Microsoft is sponsoring the tool as part of its recently formed Defending Democracy Program. “As a NewsGuard partner we’re really interested in seeing how their service helps provide an additional resource of information for people reading news,” Tom Burt, Microsoft’s corporate vice president of customer security and trust, told WIRED in a statement. “As we see how the technology is adopted in the market we’ll also consider other opportunities.”

‘More people will be more informed and maybe more hesitant about sharing.’

Steve Brill, NewsGuard

The NewsGuard team has also had meetings with Facebook, though the social networking giant wouldn’t confirm whether it’s considering a partnership. It’s a lot to ask of a company like Facebook, which has kept its processes secret so it doesn’t have to engage in debate about every judgment call. The few times Facebook’s secret sauce has been exposed, it backfired. Two years ago, when word got out about how Facebook picked trustworthy news outlets in its Trending Topics section, it kicked off years of accusations of political bias that continue to this day.

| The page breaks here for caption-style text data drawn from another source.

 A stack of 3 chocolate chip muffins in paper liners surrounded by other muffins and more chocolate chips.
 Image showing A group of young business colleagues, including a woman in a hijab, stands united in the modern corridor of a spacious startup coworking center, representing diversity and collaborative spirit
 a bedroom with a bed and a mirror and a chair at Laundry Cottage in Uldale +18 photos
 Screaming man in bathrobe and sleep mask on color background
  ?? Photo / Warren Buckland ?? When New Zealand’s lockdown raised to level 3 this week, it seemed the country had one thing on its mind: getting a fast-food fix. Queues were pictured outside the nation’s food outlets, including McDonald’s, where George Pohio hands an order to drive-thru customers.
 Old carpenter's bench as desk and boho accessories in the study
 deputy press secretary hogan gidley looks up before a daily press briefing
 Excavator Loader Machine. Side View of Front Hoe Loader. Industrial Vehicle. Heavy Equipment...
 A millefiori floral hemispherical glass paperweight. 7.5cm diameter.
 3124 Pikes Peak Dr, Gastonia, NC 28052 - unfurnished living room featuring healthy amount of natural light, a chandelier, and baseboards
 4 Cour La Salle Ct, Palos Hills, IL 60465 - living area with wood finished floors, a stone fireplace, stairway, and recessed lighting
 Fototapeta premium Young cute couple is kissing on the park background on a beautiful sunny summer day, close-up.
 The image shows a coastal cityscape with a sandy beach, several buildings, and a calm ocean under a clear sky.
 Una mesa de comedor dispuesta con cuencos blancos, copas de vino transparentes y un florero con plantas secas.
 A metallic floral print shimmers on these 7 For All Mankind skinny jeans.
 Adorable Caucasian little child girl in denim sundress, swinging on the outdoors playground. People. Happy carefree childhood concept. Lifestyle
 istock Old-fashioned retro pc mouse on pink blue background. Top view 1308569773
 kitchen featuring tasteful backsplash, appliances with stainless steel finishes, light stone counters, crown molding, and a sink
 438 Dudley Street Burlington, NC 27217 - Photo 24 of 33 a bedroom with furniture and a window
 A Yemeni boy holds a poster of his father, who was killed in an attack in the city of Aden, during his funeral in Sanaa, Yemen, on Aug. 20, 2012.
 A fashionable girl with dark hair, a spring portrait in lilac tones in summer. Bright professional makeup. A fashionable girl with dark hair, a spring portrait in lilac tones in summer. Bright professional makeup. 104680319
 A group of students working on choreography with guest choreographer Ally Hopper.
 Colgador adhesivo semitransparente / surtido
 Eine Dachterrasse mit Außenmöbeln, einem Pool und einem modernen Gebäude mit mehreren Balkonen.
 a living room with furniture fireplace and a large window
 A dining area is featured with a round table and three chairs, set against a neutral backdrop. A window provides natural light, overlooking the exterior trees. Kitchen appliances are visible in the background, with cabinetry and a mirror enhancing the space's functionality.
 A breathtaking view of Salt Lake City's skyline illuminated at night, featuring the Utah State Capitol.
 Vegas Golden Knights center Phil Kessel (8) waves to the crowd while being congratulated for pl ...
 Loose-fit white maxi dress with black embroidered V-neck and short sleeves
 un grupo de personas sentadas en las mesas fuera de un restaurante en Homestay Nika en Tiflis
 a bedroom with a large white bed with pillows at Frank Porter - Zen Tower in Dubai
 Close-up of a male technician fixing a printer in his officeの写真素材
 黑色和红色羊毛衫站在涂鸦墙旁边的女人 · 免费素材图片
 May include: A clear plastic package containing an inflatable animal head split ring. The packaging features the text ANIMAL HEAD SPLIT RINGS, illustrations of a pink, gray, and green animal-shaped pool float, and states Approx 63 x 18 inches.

This year, the company axed Trending Topics altogether.

Tech companies are gradually coming around to the idea of working with certain, well-known third parties on content moderation. YouTube, for one, has begun surfacing Wikipedia and Encyclopedia Brittanica content alongside common conspiracy theories about topics like the moon landing.

It may take time to convince these same giants, already reluctant to pick favorites, to adopt this still untested methodology. But that shouldn’t stop the rest of us from getting a head start.